Boy died after beating from nun at Smyllum Park, inquiry hears

Smyllum Park orphanage
Image caption Smyllum Park Orphanage in Lanark after it closed in the 1980s

A six-year-old boy died 10 days after being beaten by a Catholic nun at an orphanage, the Scottish Child Abuse Inquiry has heard.

Former residents of Smyllum Park in Lanark have told of the physical and sexual abuse they suffered.

One witness said his friend was kicked on the head by a nun and later died.

In an opening statement, lawyers for the Daughters of Charity of St Vincent de Paul apologised to anyone who was abused in their care.

Playing with matches

The second phase of the inquiry, which is taking place in Edinburgh, has opened with a case study of homes run by the Catholic order.

Former residents recalled being beaten for wetting the bed, not eating food and getting dirty.

One said he was also sexually abused by a nun and a female member of staff.

The witness entered the orphanage in 1959 when he was aged about two, along with three brothers and a sister.

He said beatings were routine, and that on one occasion when he was aged around six his friend was beaten after playing with a match and accidentally burning his hand.

Image copyright Nick Mailer
Image caption The inquiry is chaired by High Court judge Lady Smith

He said: "It was unfortunate but at that time the sister came around the corner and said what's wrong and I said 'he burned my hand' and she just grabbed him and started hitting him and punching him.

"He was on the floor and she was kicking him on his body and his head.

"I said 'please sister, please don't hurt him'. She stopped when I lay on top of him."

He said that some days later he saw his friend being taken away in an ambulance and was later shown his grave.

The inquiry heard the boy was in hospital for about 10 days before he died.

A BBC and Sunday Post investigation earlier this year found that at least 400 children from Smyllum Park are thought to be buried in an unmarked grave at the town's St Mary's Cemetery.

The orphanage was home to more than 10,000 children between opening in 1864 and closing in 1981.

Prosecutors have said there is no evidence that a crime has been committed at the orphanage in relation to reports of the mass grave.

In August 1965 when he was aged about seven the witness said he was moved to St Vincent in Newcastle, which was run by the same order of sisters. He told how he encountered abuse there too.
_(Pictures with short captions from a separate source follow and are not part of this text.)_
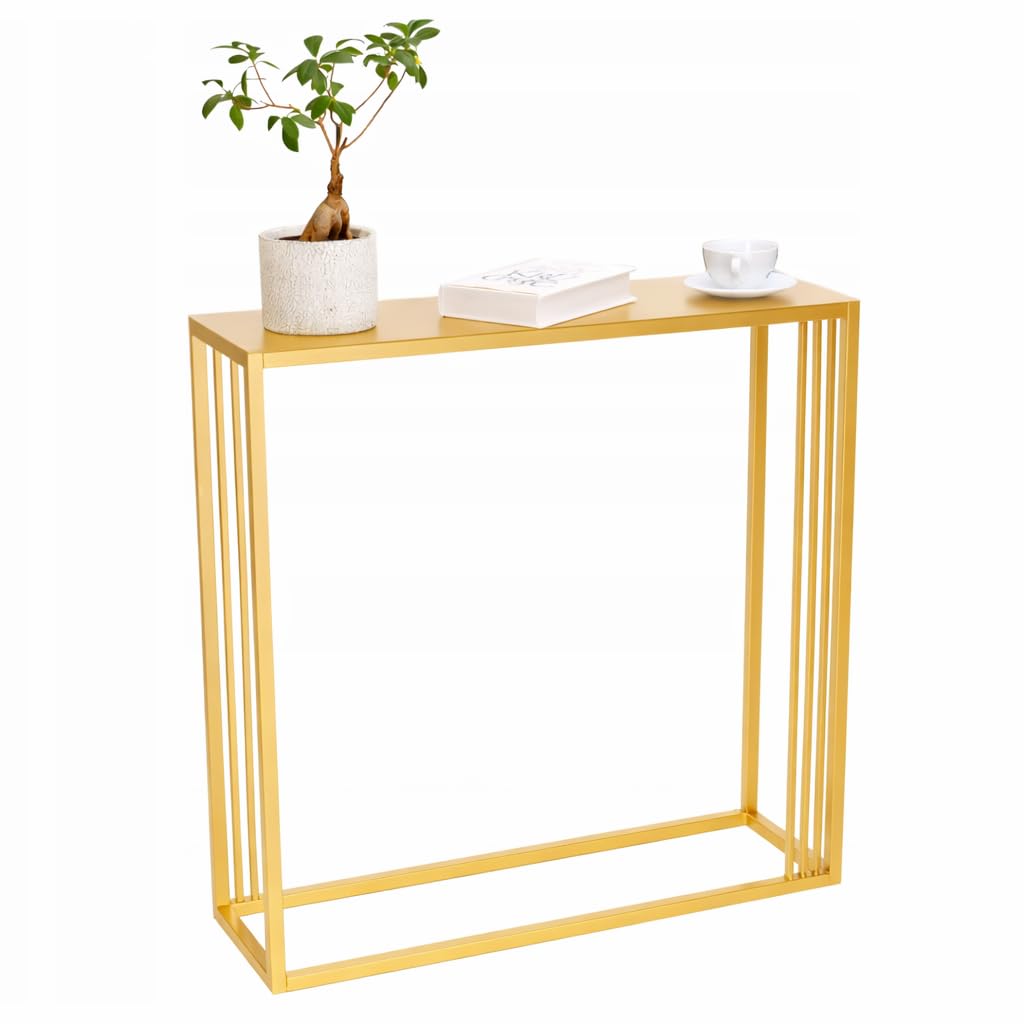Mesa Consola Estrecha 80 cm – Mesa Consola – Mesa Estrecha – Mesa de Pasillo – Muebles Estrechos – Oro 80 x 20,5 x 10 cm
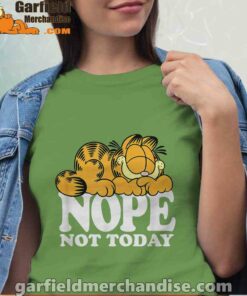 garfield nope not today lazy cat green t shirt for women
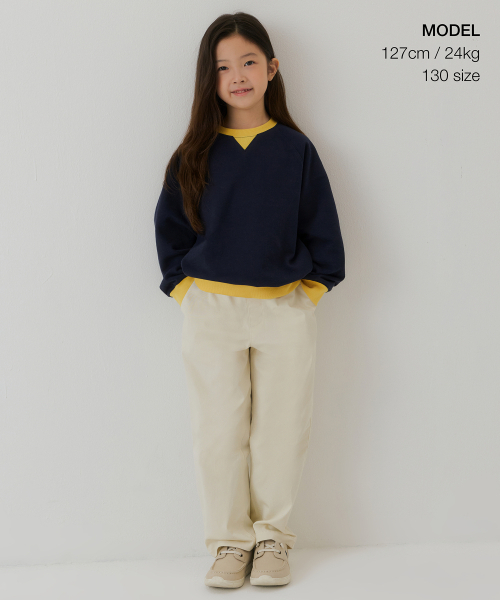 MUSINSA STANDARD KIDS（ムシンサスタンダードキッズ）の「レギュラーフィットバンディングチノパンツ[クリーム]（その他パンツ・レディース・その他・100/110/120/130/140/150/160）」の2枚目の写真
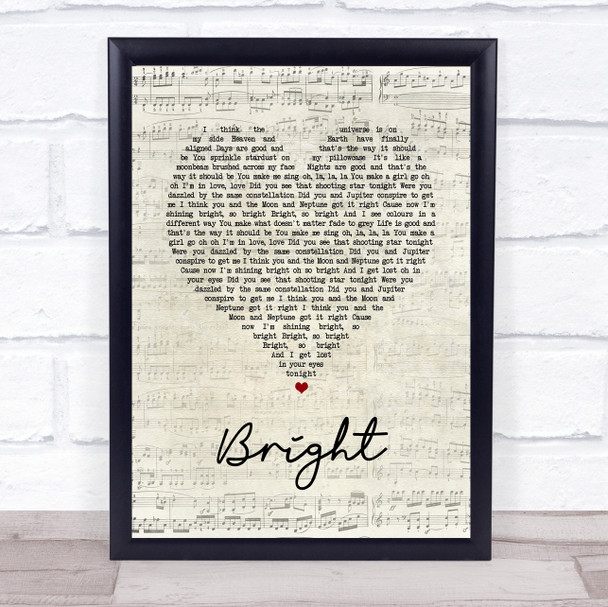 Echosmith Bright Script Heart Song Lyric Print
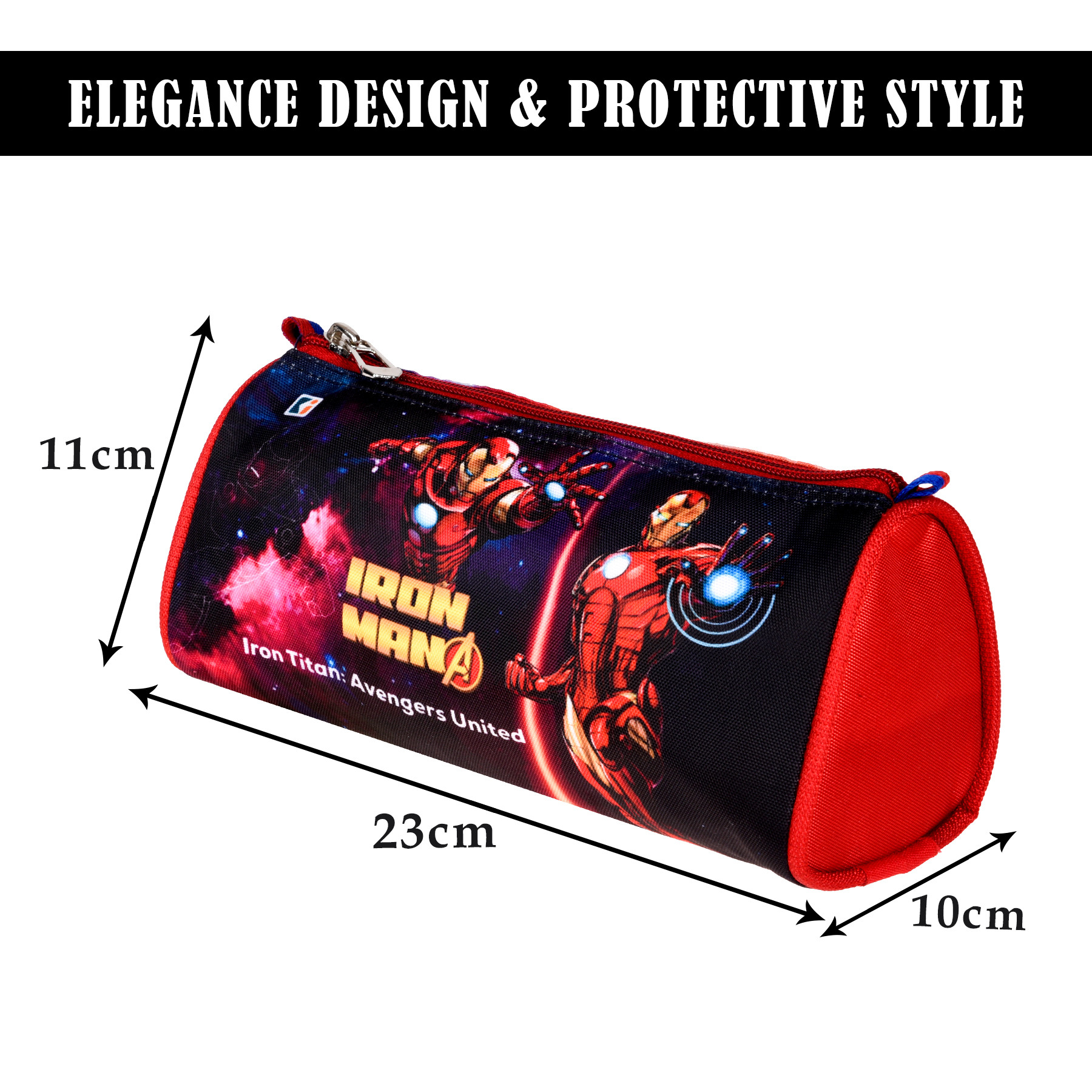 Kuber Industries Pencil Pouch | Multi-Purpose Travel Pouch | Kids Stationary Storage Bag | Pencil Utility School Pouches | Geometry Box | Marvel Iron-Man | Large | Red & Black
Colin MacAulay QC, counsel to the inquiry, said: "In your statement you go on to say it was another place run by psychopaths."

The witness said: "We had to go to the washrooms and I must have said something out of line, she pinned me up against the wall with her forearm with a bread knife to my throat threatening to kill me and I genuinely thought I was going to die then, I was screaming."
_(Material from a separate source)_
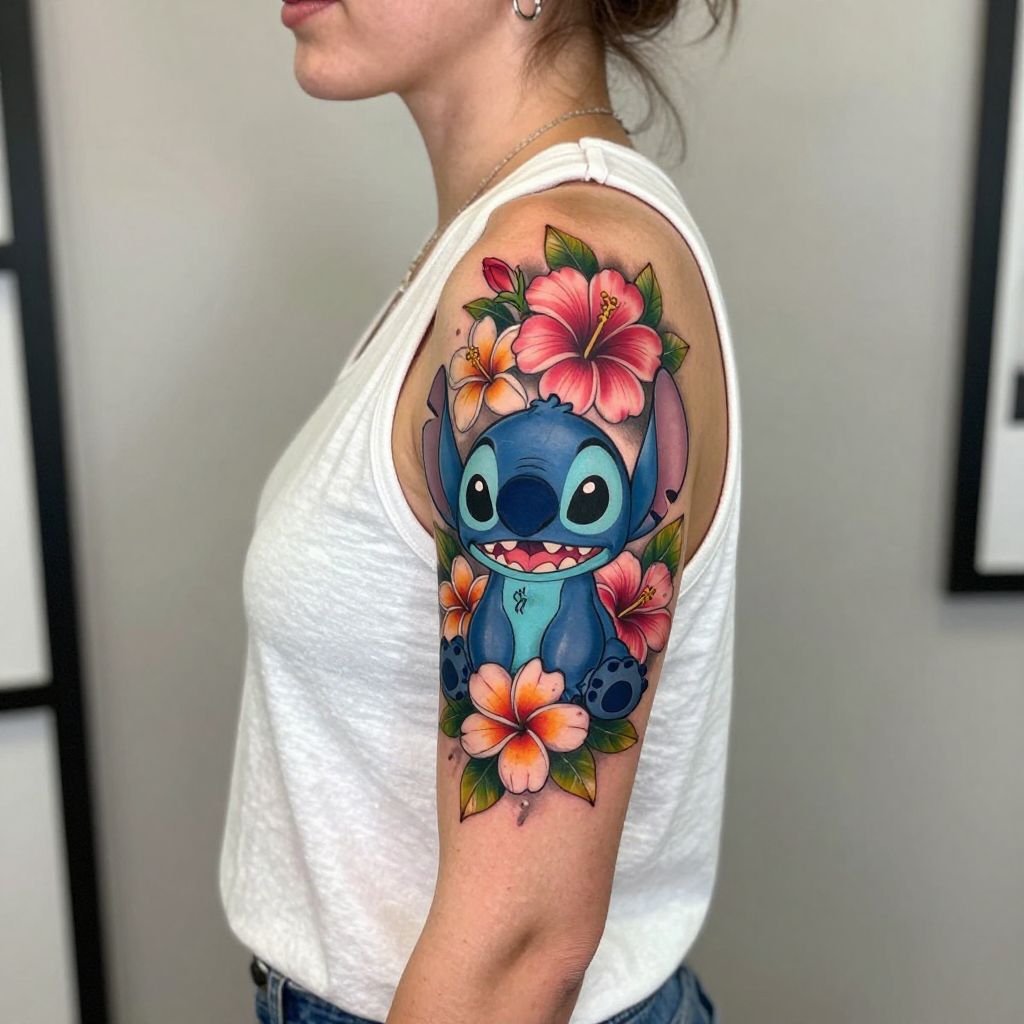 Stitch and Flowers Tattoo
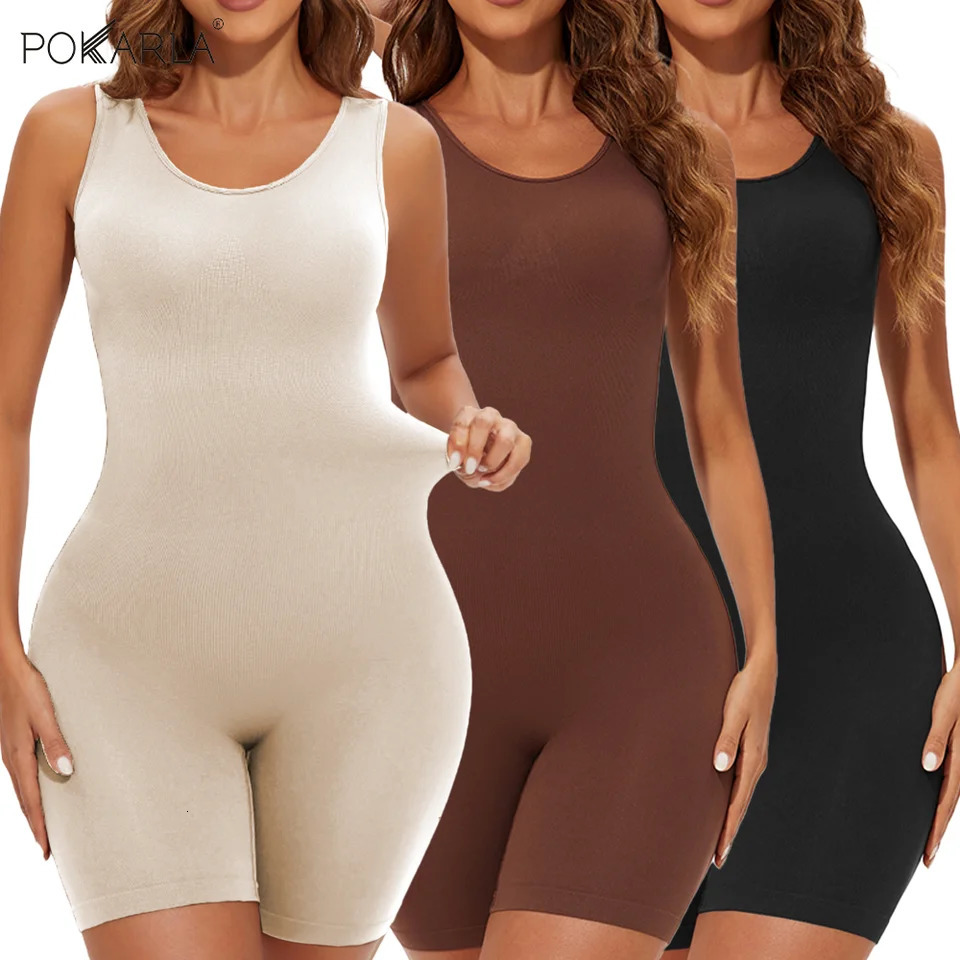 POKARLA Sexy Bodysuits Full Coverage Shapewear Thigh Slim Body Suit Wide Shoulder Body Shaper Jumpsuit Seamless Shapers Slimmer 250829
'Sincere and heartfelt apologies'

More than 60 residential institutions, including several top private schools, are being investigated by the inquiry, chaired by Lady Smith.
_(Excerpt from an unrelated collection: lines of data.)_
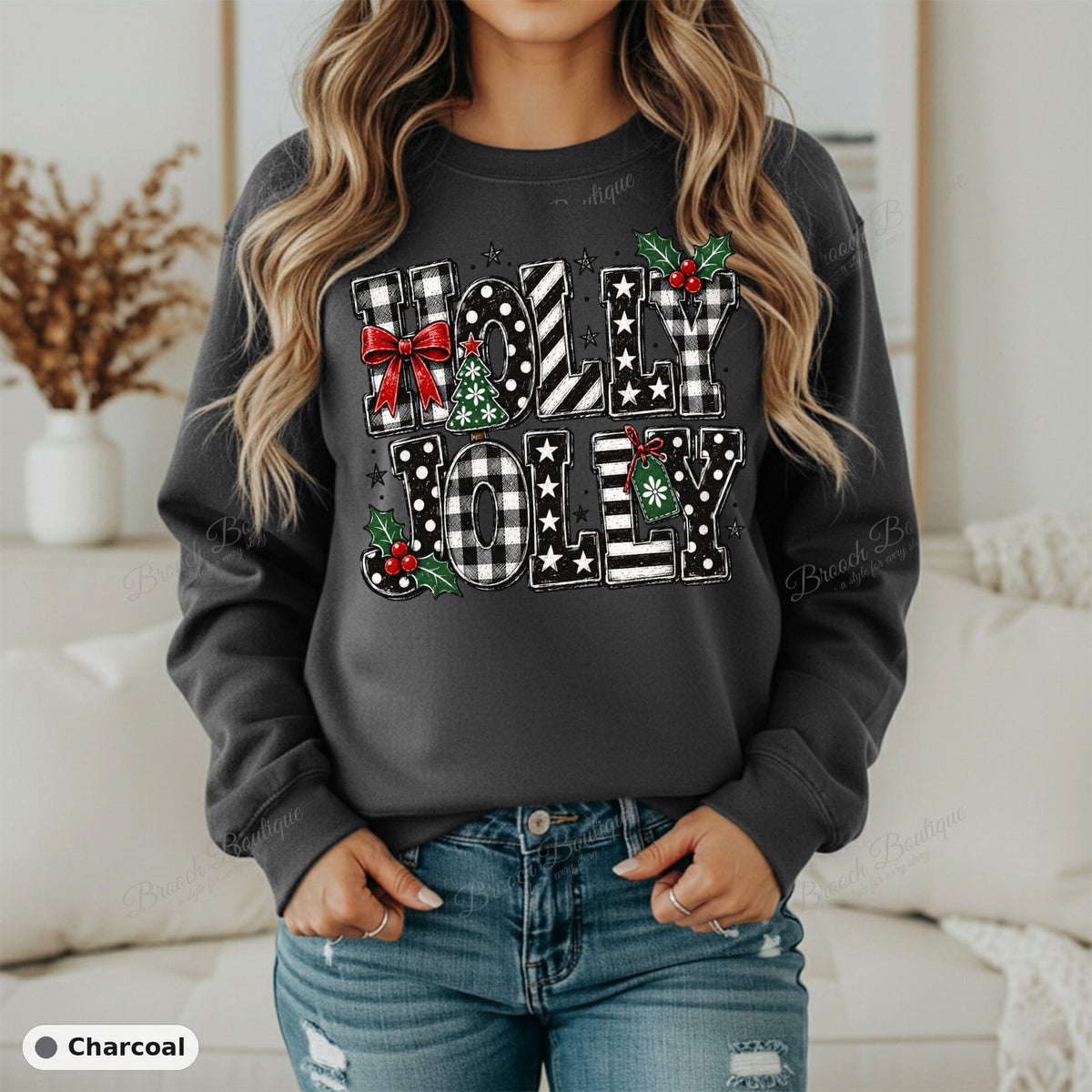 Holly Jolly Plaid — Gildan 18000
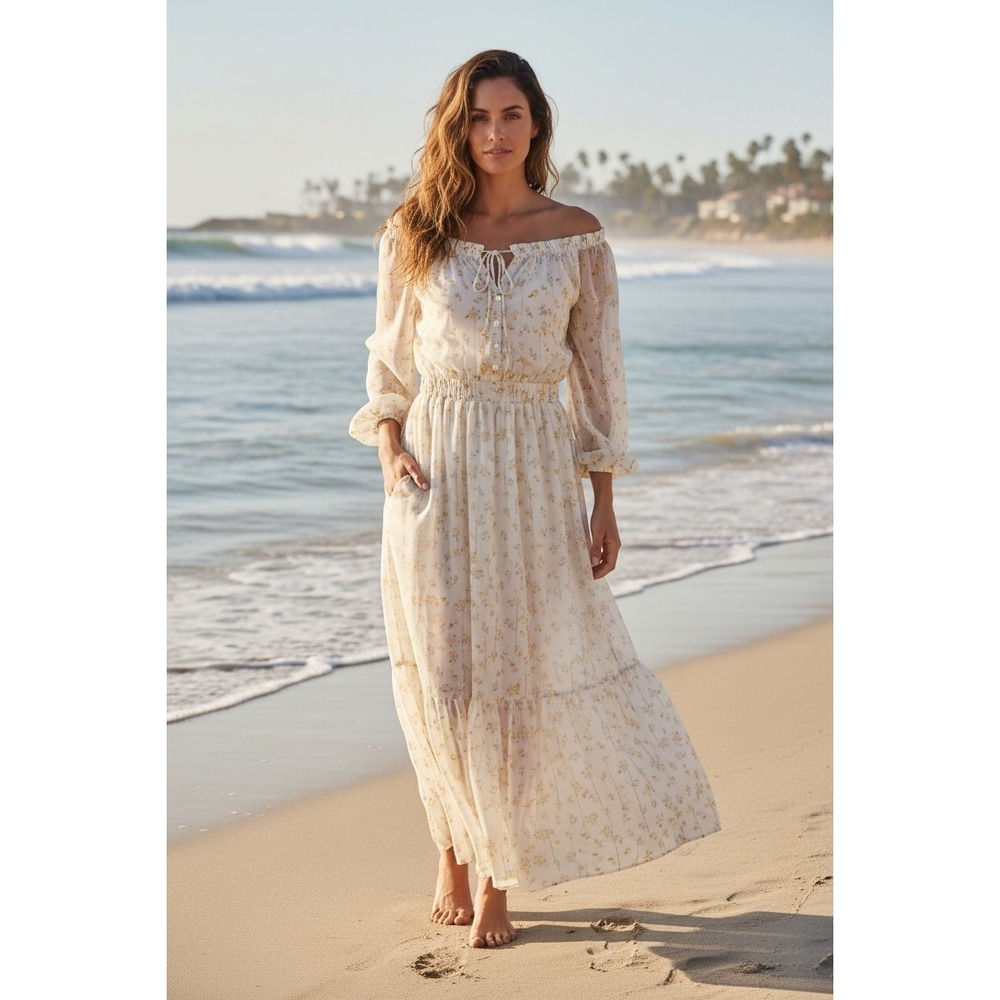 Reformation Becca Dress Spring Fairy Dress Petite Medium Floral Maxi Sleeve NWT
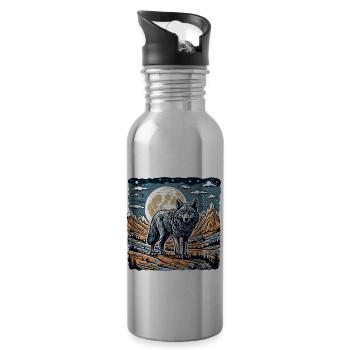 Wolf / Rudel / Wald / Wild / Tierwelt / heulen - Trinkflasche mit integriertem Trinkhalm - Lightsilver - Rechts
In opening statements to the second phase on Tuesday morning John Scott QC, senior counsel for In Care Abuse Survivors (Incas), said the name Smyllum will be "forever associated with suffering".

He said: "Just how could abuse of such extent and duration occur without knowledge, especially given how closely knit a community the place was?

"Either people knew because they were involved or they knew and did nothing to stop it or nobody took time to find out what life was like in this showpiece home."

Solicitor Gregor Rolfe, counsel for the Daughters of Charity, reiterated the apology made by the order at the conclusion of the first phase of the inquiry.

Their statement said: "As Daughters of Charity our values are totally against any form of abuse and thus we offer our most sincere and heartfelt apologies to anyone who suffered any form of abuse in our care."

Mr Rolfe also said that since the end of the first phase of the inquiry a former lay member of staff has come forward with an allegation that a man volunteering at Smyllum abused two brothers in the 1970s.

The allegation has now been reported to police but did not appear to be investigated at the time, with no record of any investigation.

Mr Rolfe said: "There was a failure on the part of the order for which they apologise unreservedly.

"There was also no contemporaneous report of the allegation to the police. The order offers since and heartfelt apologies."

The inquiry is chaired by Lady Smith and is due to report no sooner than October 2019.